[Data in this exercise — start]

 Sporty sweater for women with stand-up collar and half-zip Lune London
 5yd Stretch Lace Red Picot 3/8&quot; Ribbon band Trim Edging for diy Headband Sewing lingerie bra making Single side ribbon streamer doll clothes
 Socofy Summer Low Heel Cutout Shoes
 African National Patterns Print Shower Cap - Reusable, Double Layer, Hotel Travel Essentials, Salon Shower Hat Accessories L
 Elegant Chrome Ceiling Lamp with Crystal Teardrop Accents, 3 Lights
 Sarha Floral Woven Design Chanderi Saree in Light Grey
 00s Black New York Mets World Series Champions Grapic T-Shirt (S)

[Data in this exercise — finish]
[Data in this exercise — start]

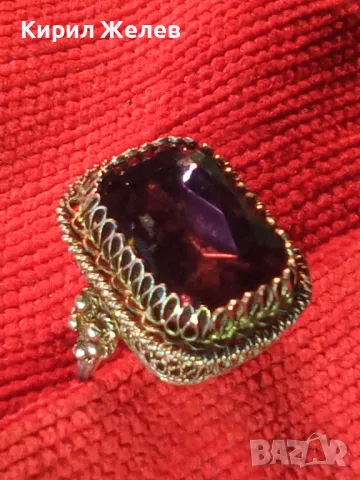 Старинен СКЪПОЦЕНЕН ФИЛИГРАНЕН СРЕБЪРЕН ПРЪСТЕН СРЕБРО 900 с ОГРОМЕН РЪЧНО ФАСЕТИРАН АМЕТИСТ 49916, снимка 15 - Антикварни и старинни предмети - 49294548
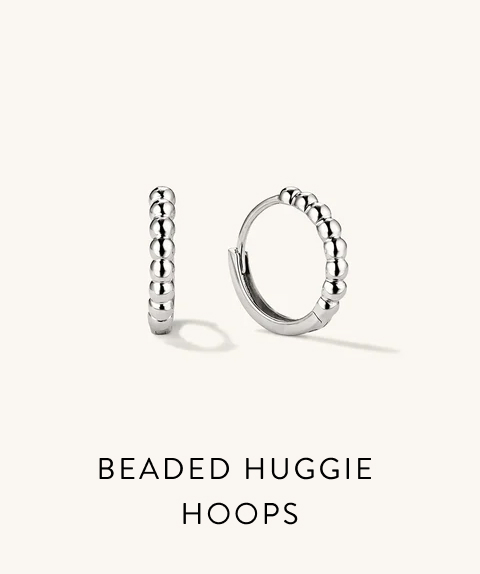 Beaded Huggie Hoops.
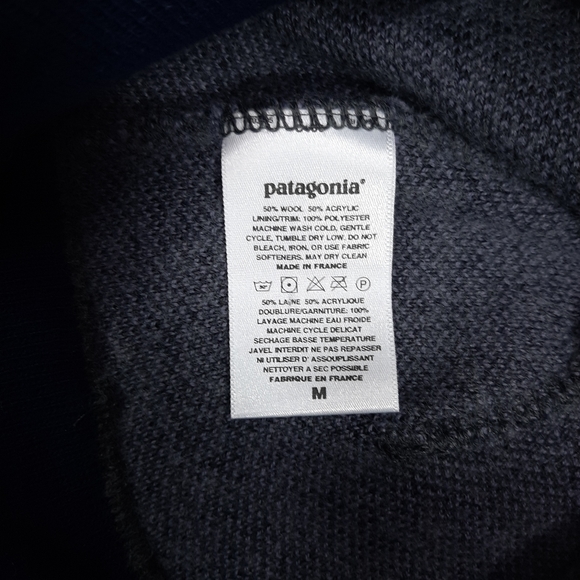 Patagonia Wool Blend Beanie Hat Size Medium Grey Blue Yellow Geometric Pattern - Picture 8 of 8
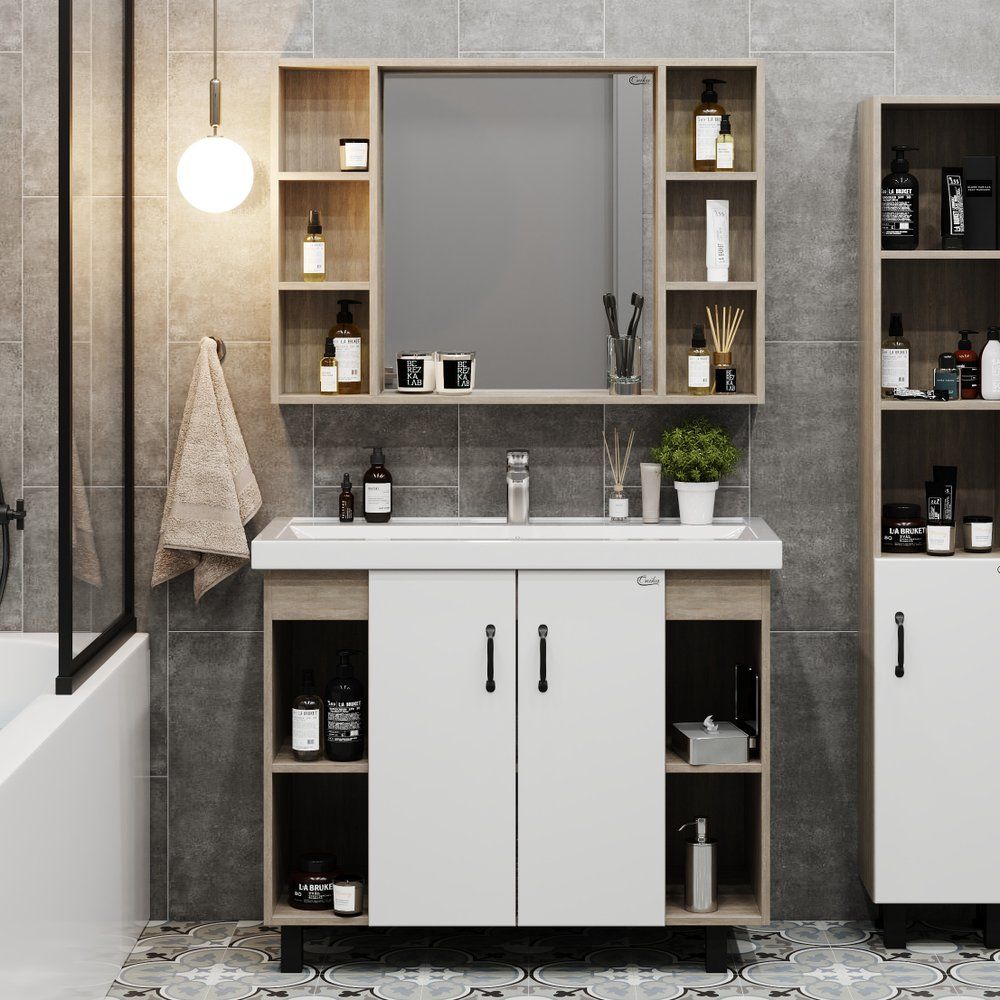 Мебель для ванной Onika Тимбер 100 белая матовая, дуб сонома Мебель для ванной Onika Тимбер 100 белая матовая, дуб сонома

[Data in this exercise — finish]
[Data in this exercise — start]

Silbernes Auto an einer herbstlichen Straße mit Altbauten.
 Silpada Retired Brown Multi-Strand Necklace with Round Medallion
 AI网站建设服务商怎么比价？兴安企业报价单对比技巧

[Data in this exercise — finish]

What is required:
Give back the records above exactly, limited to the lines between the one holding "Sporty sweater for" and the one holding "00s Black New", inclusive.

Solution:
 Sporty sweater for women with stand-up collar and half-zip Lune London
 5yd Stretch Lace Red Picot 3/8&quot; Ribbon band Trim Edging for diy Headband Sewing lingerie bra making Single side ribbon streamer doll clothes
 Socofy Summer Low Heel Cutout Shoes
 African National Patterns Print Shower Cap - Reusable, Double Layer, Hotel Travel Essentials, Salon Shower Hat Accessories L
 Elegant Chrome Ceiling Lamp with Crystal Teardrop Accents, 3 Lights
 Sarha Floral Woven Design Chanderi Saree in Light Grey
 00s Black New York Mets World Series Champions Grapic T-Shirt (S)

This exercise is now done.